Dose Escalation Study of Cabozantinib for Advanced HCC Patients With Compensated Liver Cirrhosis

• ClinicalTrials.gov Identifier: NCT04522908
• Recruitment Status: Recruiting
• First Posted: August 21, 2020
• Last Update Posted: February 18, 2021
• Sponsor: Institut für Klinische Krebsforschung IKF GmbH at Krankenhaus Nordwest
• Information provided by (Responsible Party): Institut für Klinische Krebsforschung IKF GmbH at Krankenhaus Nordwest

Study Description

Brief Summary:

Open-label, single arm, multicenter phase II trial assessing the tolerability of a reduced starting dose of 40 mg cabozantinib for 4 weeks and subsequent dose escalation to 60 mg cabozantinib until disease progression or intolerable toxicities.

Condition or disease	Intervention/treatment	Phase
Hepatocellular Carcinoma (HCC); Compensated Liver Cirrhosis; Second Line Treatment	Drug: Cabozantinib Oral Tablet	Phase 2

Detailed Description:

The primary objective is to assess the tolerability of a reduced starting dose of 40 mg cabozantinib once-daily for 4 weeks and subsequent dose escalation to 60 mg cabozantinib once-daily to be maintained until disease progression or intolerable toxicities. Using the same study treatment discontinuation criteria as in the pivotal CELESTIAL trial will allow for comparison of treatment discontinuation rates due to treatment related adverse events (TRAEs) defined as unresolved intolerable Grade 2 TRAEs or any unresolved Grade 3 TRAEs (see Section 6).

Patients eligible for this trial are cirrhotic HCC patients treated with sorafenib or lenvatinib in first line.

Secondary objectives comprise the assessment of overall survival (OS), progression free survival (PFS) at 10 weeks, objective response rate (ORR), time on treatment, treatment exposure (dose intensity/dose reductions), toxicity, and quality of life (QLQ-C30).

In addition, tissue samples (optional) will be analyzed for molecular parameters and immune cell composition to identify biomarkers potentially associated with clinical efficacy (OS, PFS and ORR).

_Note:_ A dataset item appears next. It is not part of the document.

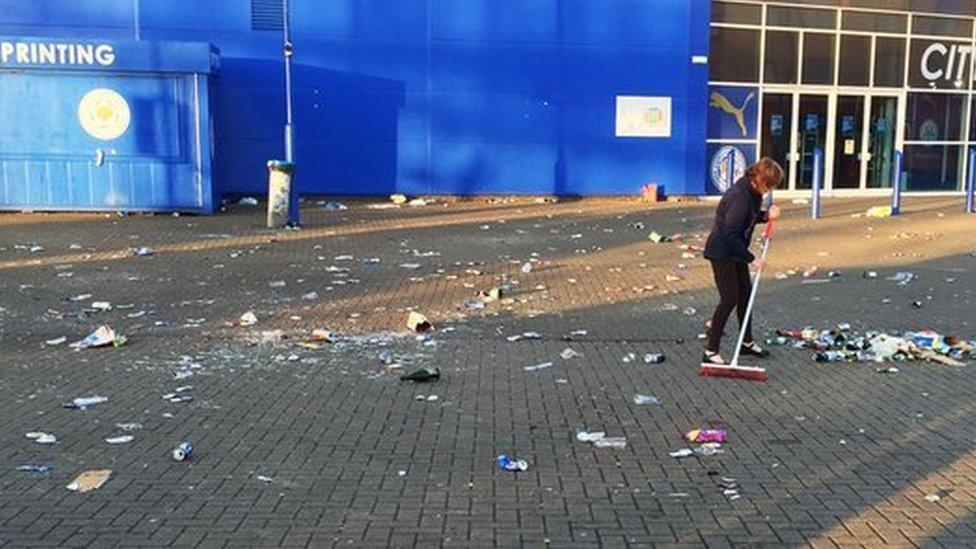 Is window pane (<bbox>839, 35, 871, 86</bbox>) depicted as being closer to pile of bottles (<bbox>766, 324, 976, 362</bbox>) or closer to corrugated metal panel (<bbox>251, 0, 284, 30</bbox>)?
corrugated metal panel (<bbox>251, 0, 284, 30</bbox>)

This is an open label, single-arm, multicenter phase II trial. 40 patients suffering from advanced stage hepatocellular carcinoma (HCC) with compensated liver cirrhosis in second line treatment, after first line treatment with sorafenib or lenvatinib, will be enrolled in this trial.

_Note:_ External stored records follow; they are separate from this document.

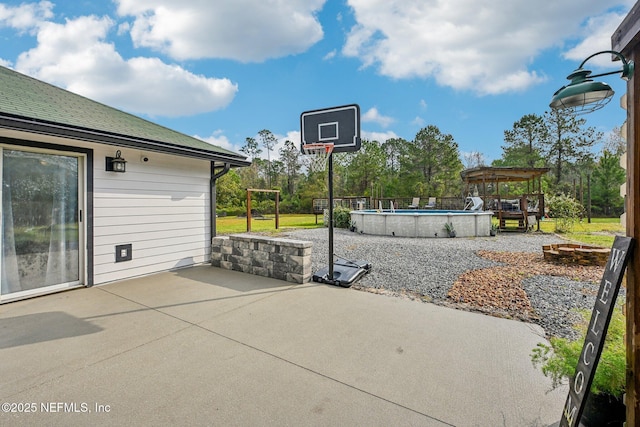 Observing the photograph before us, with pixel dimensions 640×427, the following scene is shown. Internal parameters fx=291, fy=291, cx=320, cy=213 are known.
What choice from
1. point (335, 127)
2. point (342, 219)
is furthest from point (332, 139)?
point (342, 219)

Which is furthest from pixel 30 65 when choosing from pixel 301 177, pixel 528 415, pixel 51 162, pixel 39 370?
pixel 301 177

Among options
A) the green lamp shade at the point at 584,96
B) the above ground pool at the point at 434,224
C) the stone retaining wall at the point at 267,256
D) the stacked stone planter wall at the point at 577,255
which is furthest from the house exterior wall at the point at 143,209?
the stacked stone planter wall at the point at 577,255

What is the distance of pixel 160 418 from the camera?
71.5 inches

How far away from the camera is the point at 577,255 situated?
6.09m

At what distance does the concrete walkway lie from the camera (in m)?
1.88

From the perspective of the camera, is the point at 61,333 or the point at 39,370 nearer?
the point at 39,370

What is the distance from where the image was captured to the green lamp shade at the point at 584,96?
6.32 ft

Patients will be recruited from up to 10 sites and patients withdrawn from the trial will not be replaced.

Study Design

• Study Type: Interventional (Clinical Trial)
• Estimated Enrollment: 40 participants
• Allocation: N/A
• Intervention Model: Single Group Assignment
• Intervention Model Description: Clinical trials with a single arm, all eligible patients will receive Cabozantinib starting dose of 40 mg, oral, once daily for 4 weeks, followed by Cabozantinib escalated dose of 60 mg, oral, once daily from week 5 onwards
• Masking: None (Open Label)
• Primary Purpose: Treatment
• Official Title: A Phase II Study Evaluating Reduced Starting Dose and Dose Escalation of Cabozantinib as Second-line Therapy for Advanced HCC in Patients With Compensated Liver Cirrhosis
• Actual Study Start Date: October 12, 2020
• Estimated Primary Completion Date: November 2022
• Estimated Study Completion Date: September 2023

Arms and Interventions

Arm	Intervention/treatment
Experimental: Cabozantinib - Single Arm; Single Arm with Cabozantinib starting dose 40 mg for 4 weeks and dose escalation to 60 mg afterwards.	Drug: Cabozantinib Oral Tablet; Cabozantinib starting dose of 40 mg, oral, once daily for 4 weeks followed by Cabozantinib escalated dose of 60 mg, oral, once daily from week 5 onwards; Other Name: CABOMETYX

Outcome Measures

Primary Outcome Measures :

1. Treatment discontinuation rate due to treatment-related adverse events [ Time Frame: 27 months ]
   Any unresolved intolerable Grade 2 TRAE or unresolved Grade ≥ 3 TRAE after 60 mg or 40 mg or any intolerable Grade 2 TRAE or Grade ≥ 3 TRAE after 20 mg will count as treatment discontinuation due to AE.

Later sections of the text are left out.